NEW DELHI: The Sixth Pay Commission, chaired by former Supreme Court judge BN Srikrishna, who also carried out the inquiry into the 1993 Mumbai riots, was originally expected to submit its report in April next year. But sources indicate that the Commission is speeding up the work in the light of the uncertainties surrounding the longevity of the UPA government.
A crucial step in finalising the new pay structures for the central government employees, is the nod from the finance ministry for the proposals. The ministry has to study the proposals to see if they are financially viable, and come within a reasonable fiscal discipline for the government.
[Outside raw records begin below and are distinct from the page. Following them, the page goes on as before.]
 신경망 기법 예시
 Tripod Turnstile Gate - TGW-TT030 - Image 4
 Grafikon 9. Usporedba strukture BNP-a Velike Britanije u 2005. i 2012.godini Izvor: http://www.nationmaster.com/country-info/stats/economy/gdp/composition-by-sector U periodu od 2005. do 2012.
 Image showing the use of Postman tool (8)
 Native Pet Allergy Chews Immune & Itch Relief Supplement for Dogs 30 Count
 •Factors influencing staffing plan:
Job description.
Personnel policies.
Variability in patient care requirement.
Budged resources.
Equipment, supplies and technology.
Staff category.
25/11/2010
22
And, most importantly, it has to assess if the further drain on the exchequer can be managed when similar revisions are carried out in states and public sector units.
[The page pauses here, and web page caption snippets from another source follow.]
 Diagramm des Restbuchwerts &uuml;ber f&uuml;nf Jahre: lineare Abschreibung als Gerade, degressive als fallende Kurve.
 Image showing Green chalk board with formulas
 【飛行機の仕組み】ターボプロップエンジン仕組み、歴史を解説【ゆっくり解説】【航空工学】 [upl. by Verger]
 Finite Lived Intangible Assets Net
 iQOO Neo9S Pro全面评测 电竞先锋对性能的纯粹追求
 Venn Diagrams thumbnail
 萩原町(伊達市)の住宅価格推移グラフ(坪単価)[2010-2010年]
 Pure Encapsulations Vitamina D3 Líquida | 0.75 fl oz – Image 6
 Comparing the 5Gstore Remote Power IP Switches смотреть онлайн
This is particularly relevant in the context of the problems faced with the Fifth Pay Commission, whose recommendations were partially implemented in 1998. The commission had recommended the linking of government salary increases to reductions in the number of government employees. It had suggested a reduction in government strength by 30% in 10 years. Normally there is a 1.5% attrition annually because of retirement, deaths, etc.
Prof Suresh Tendulkar, member of the previous pay commission says, “We need to rationalise the departments. The Government needs to expand in some directions, while reduce in others.”
“We have to stop this “escalator promotions”. There is an overcrowding in IAS, especially at the joint secretary ranks,” says Tendulkar.